**Source material**
· · · · ·

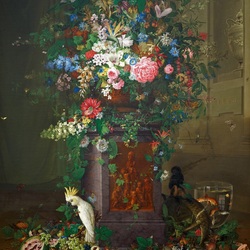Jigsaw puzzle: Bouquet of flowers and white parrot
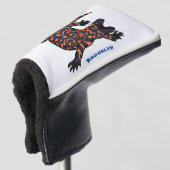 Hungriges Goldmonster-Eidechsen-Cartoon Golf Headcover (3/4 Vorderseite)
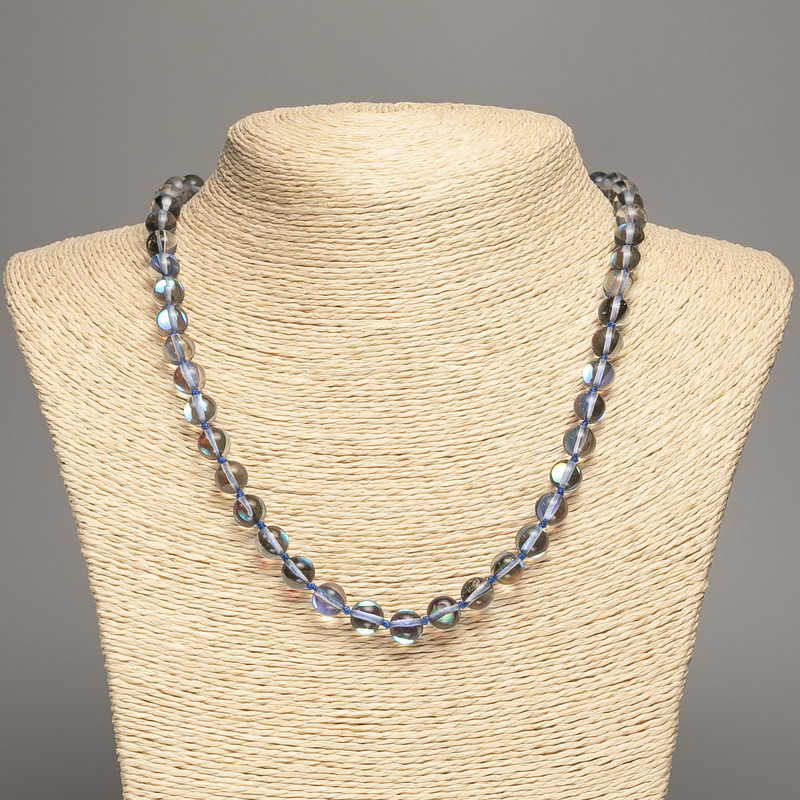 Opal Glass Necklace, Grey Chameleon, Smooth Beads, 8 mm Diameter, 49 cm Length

· · · · ·

**What you will do**
When repeating the listing, keep each line exact and exclude the pictures.

**Answer space**
Jigsaw puzzle: Bouquet of flowers and white parrot
 Hungriges Goldmonster-Eidechsen-Cartoon Golf Headcover (3/4 Vorderseite)
 Opal Glass Necklace, Grey Chameleon, Smooth Beads, 8 mm Diameter, 49 cm Length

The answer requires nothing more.